Recorded information:
►

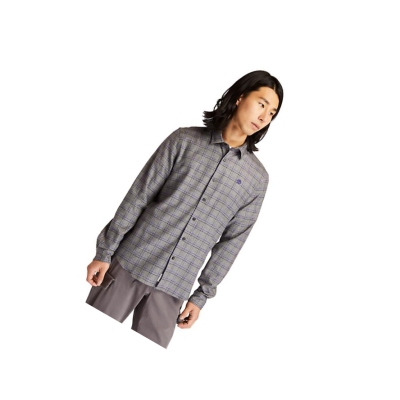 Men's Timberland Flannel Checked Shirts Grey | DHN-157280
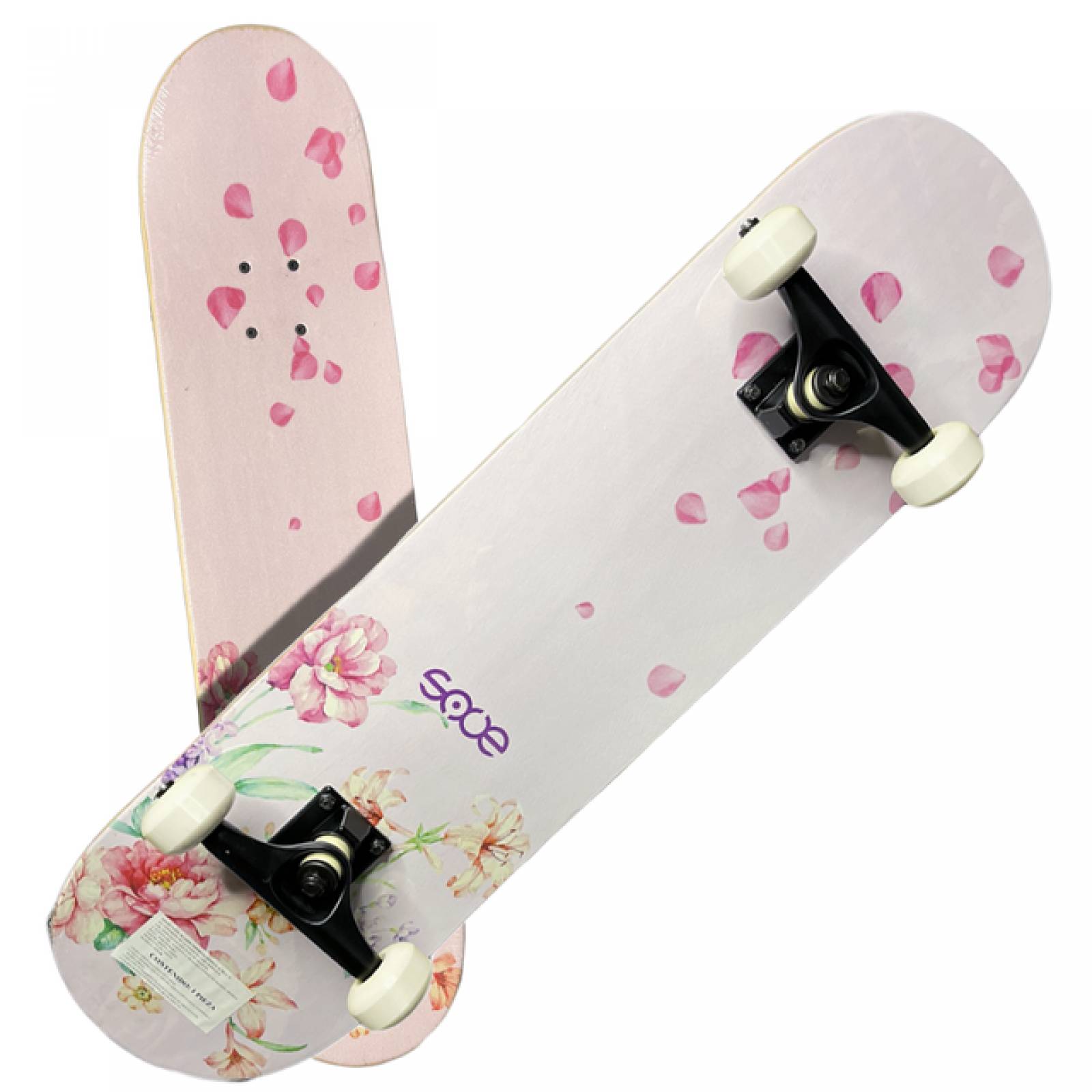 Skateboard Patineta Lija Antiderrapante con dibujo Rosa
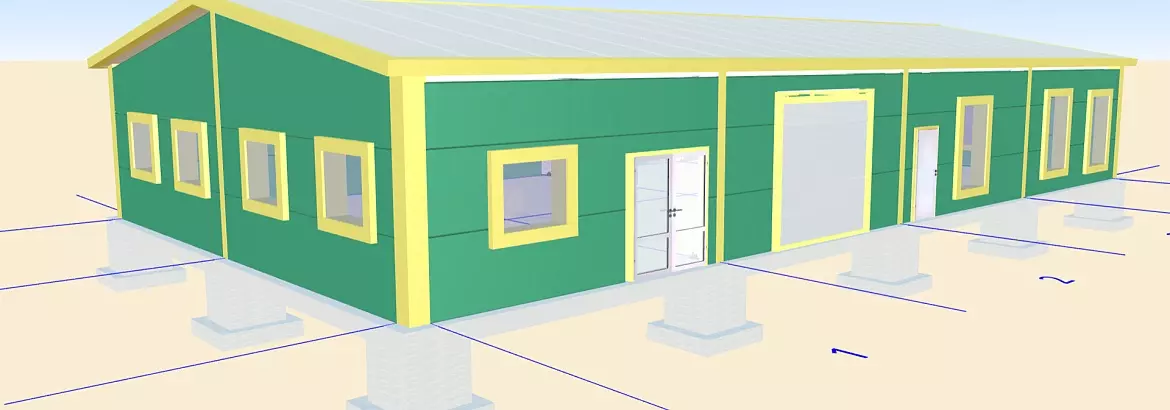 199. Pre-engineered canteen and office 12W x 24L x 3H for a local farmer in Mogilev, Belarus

◄

Required work:
The answer is the whole listing above, written out verbatim, without its pictures.

Written response:
 Men's Timberland Flannel Checked Shirts Grey | DHN-157280
 Skateboard Patineta Lija Antiderrapante con dibujo Rosa
 199. Pre-engineered canteen and office 12W x 24L x 3H for a local farmer in Mogilev, Belarus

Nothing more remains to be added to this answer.